Vice Media Votes To Unionize As Trend In Digital Media Continues

Gawker, Salon, and Guardian US have led the way.

NEW YORK -- Writers at Vice Media, the Brooklyn-based digital media company valued at $2.5 billion, have voted to unionize.

Vice employees sent a letter Friday to CEO Shane Smith and other top executives.

"We are proud of the work we do here at Vice," it read. "We love being part of a company that is changing media and having an impact on the world. We believe that a union is a logical step for the long-term legacy of the company."

Vice management agreed to recognize the union and the two sides will begin collective bargaining.

"I'm so proud of all my perfect diamonds here at Vice," Smith said in a statement. "Every single day your ideas and work continue to blow me away. I am proud to support all of you -- and as an old grey-haired man all I want is for my beautiful Vice family to be happy -- those writers who voted to unionize and those who did not. I love you all, and together we will conquer the world."

Vice is the largest digital media company to unionize amid a string of recent organizing efforts. While employees at legacy media companies have long had opportunities to join unions, there's been little representation in the digital world.

Gawker sparked discussions about unionizing this spring with a debate among staff that took place more or less in public on the site. The employees voted in June to form a union. Salon followed suit last month, and Guardian US voted unanimously to unionize just last week. Other digital media companies are believed to be contemplating similar efforts.

Like Salon and Gawker, writers at Vice Media are represented by the Writers Guild of America, East. Lowell Peterson, executive director of the Writers Guild of America, East, said in a statement the union "is excited to work with these creative professionals, who want and deserve a seat at the table.”

The Wall Street Journal first reported on Vice writers' vote to unionize.

Vice Media has 1,500 employees worldwide, including 700 in the United States. Roughly 10 percent of the company's U.S.-based employees are writers. At Gawker, 118 employees were eligible for the union. There were 26 and 45 union-eligible employees at Salon and Guardian US, respectively.

Starting out as a punk magazine in the mid-'90s, Vice has grown into a media juggernaut with a 30,000-square-foot headquarters in Brooklyn and dozens of offices worldwide.
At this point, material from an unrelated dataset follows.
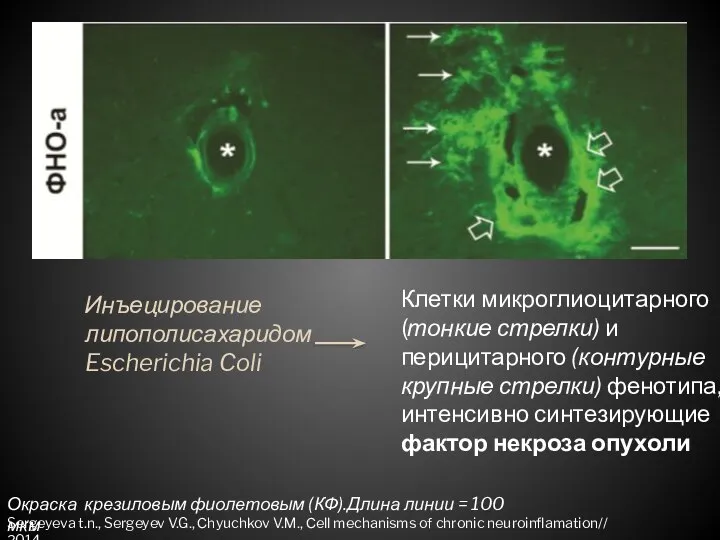Клетки микроглиоцитарного (тонкие стрелки) и перицитарного (контурные крупные стрелки) фенотипа, интенсивно синтезирующие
Vice chief operating officer Alyssa Mastromonaco touted the company's growth in a statement, saying "every step of that dizzying growth has been a reinvention of what Vice does and how it’s done."

"That includes the never-ending process of building the most progressive workplace we can, which today includes giving employees 100's of millions of dollars in company equity, competitive salaries, paid leave and now tuition reimbursement," Mastromonaco continued. "Through these steps and others, Vice will continue doing whatever it takes to attract and retain the worlds best creative minds."

The Journal reported that in 2013, Vice management acknowledged that it paid editorial writers an average of $45,000 a year. A source told the Journal that the average for non-management employees is now close to $70,000.

This has been updated to include statements from the company and the union.